La revuelta, de final abierto, no es sólo por
el precio del combustible. Es una protesta difusa pero generalizada y de
composición social muy heterogénea contra la Francia de los ricos y que en cuya
abigarrada agenda de reivindicaciones se perciben los contornos de un programa
no sólo pos sino claramente anti-neoliberal. Pero hay también otros contenidos
que remiten a una cosmovisión más tradicional de una Francia blanca,
cristiana y nacionalista. Ese heteróclito conjunto de reivindicaciones, inorgánicamente
expresadas, alberga demandas múltiples y contradictorias aspiraciones producto
de una súbita e inesperada eclosión de activismo espontaneísta, carente de
dirección política. Esto es un grave problema porque toda esa enorme energía
social liberada en las calles de Francia podría tanto dar lugar a conquistas
revolucionarias como naufragar en un remate reaccionario. Sin embargo, más allá
de la incertidumbre sobre el curso futuro de la movilización popular y la
inevitable complejidad ideológica presente en todos los grandes movimientos
espontáneos de masas no caben dudas de que su sola existencia ha socavado la
continuidad de la hegemonía neoliberal en Francia y la estabilidad del gobierno
de Emmanuel Macron.
Y en un mundo de superpoblado de esperpentos
como los Trumps y los Bolsonaros, los Macris y los Macrones todo esto es una
buena noticia porque el “canto del gallo galo” bien podría despertar la
rebeldía dormida –o premeditadamente anestesiada- de los pueblos dentro y fuera
de Europa y convertirse en la chispa que incendie la reseca llanura en que las
políticas neoliberales han convertido a nuestras sociedades, víctimas de un
silencioso pero mortífero holocausto social de inéditas proporciones. No es la
primera vez que los franceses desempeñan esa función de vanguardia en la escena
universal y su ardorosa lucha podría convertirse, sobre todo en los suburbios
del imperio, en el disparador de una oleada de levantamientos populares –como
ocurriera principalmente con la Revolución Francesa y el Mayo de 1968- en contra
de un sistema, el capitalismo, y una política, el neoliberalismo, cuyos
nefastos resultados son harto conocidos. No sabemos si tal cosa habrá de
ocurrir, si el temido “contagio” finalmente se producirá, pero los indicios del
generalizado repudio a gobiernos que sólo enriquecen a los ricos y expolian a
los pobres son inocultables en todo el mundo. No habrá que esperar mucho tiempo
pues pronto la historia dictará su inapelable veredicto.

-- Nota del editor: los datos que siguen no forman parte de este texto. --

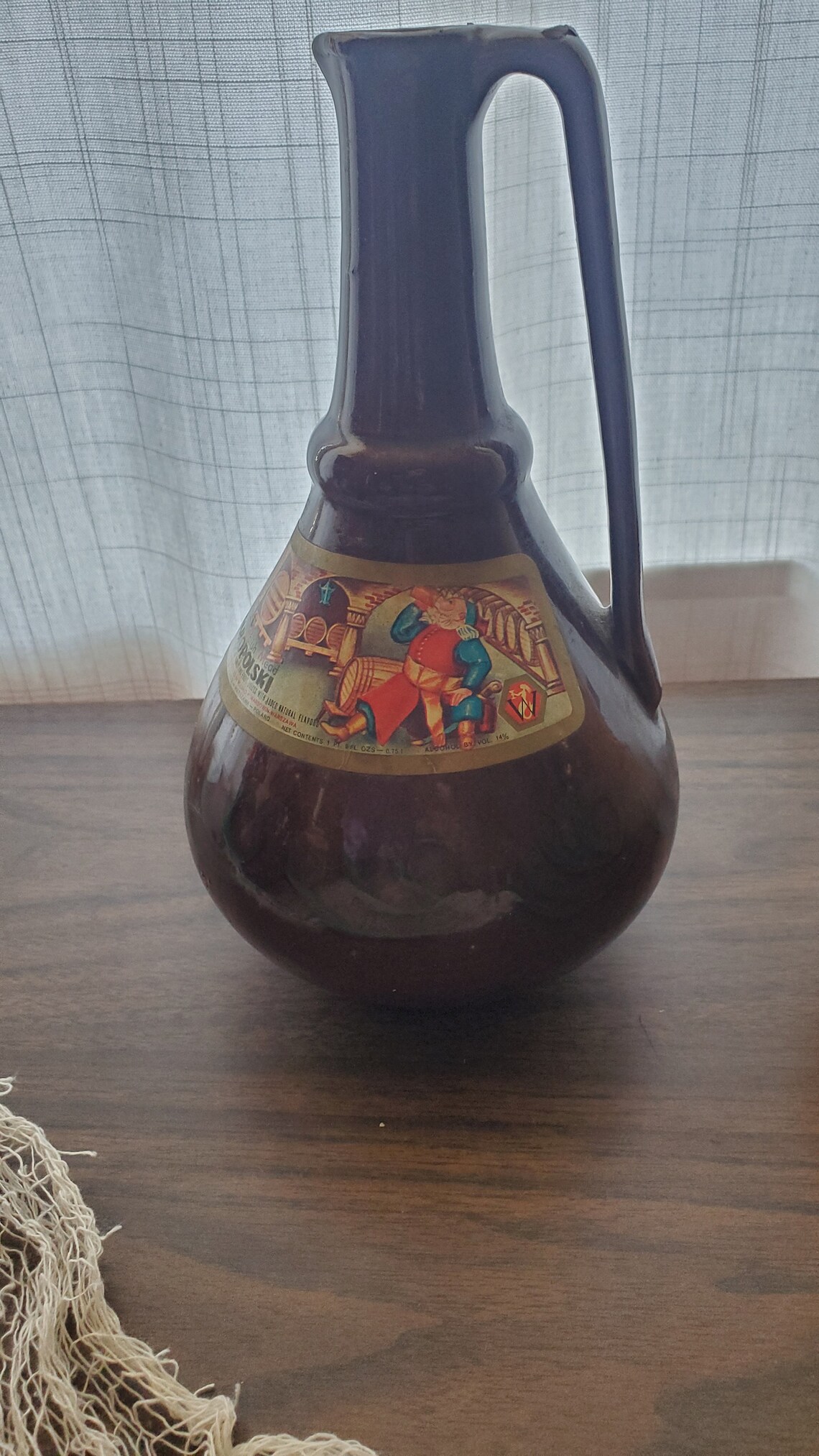 Vintage Staropolski Mead Ceramic Bottle Etsy UK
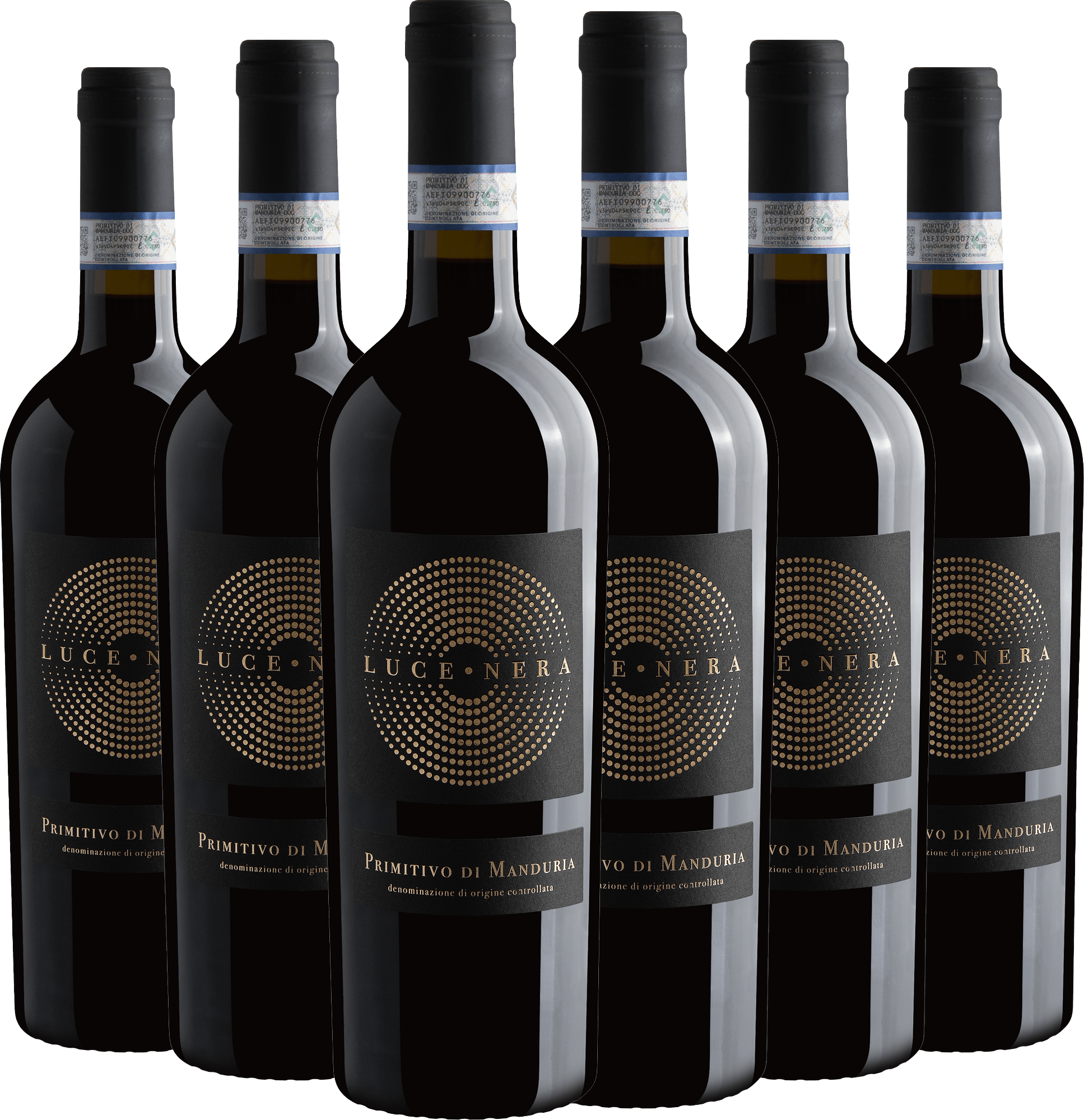 Kit 6 Luce Nera Primitivo di Manduria DOC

Más allá de sus efectos globales la brisa que
viene de Francia es oportuna y estimulante en momentos en que tantos
intelectuales y publicistas de Latinoamérica, Europa y Estados Unidos se
regodean hablando del “fin del ciclo progresista” en Nuestra América, que
supuestamente sería seguido por el comienzo de otro de signo “neoliberal” o
conservador que sólo lo pronostican quienes quieren convencer a los pueblos que
no hay alternativas de recambio y que es esto, el capitalismo, o el caos,
ocultando con malicia que el capitalismo es el caos en su máxima expresión. Por
eso los acontecimientos en Francia ofrecen un baño de sobriedad a tanta mentira
que pretende pasar por riguroso análisis económico o sociopolítico y nos
demuestran que muchas veces la historia puede tomar un giro inesperado, y que
lo que aparecía como un orden económico y político inmutable e inexpugnable se
puede venir abajo en menos de lo que canta un gallo … francés.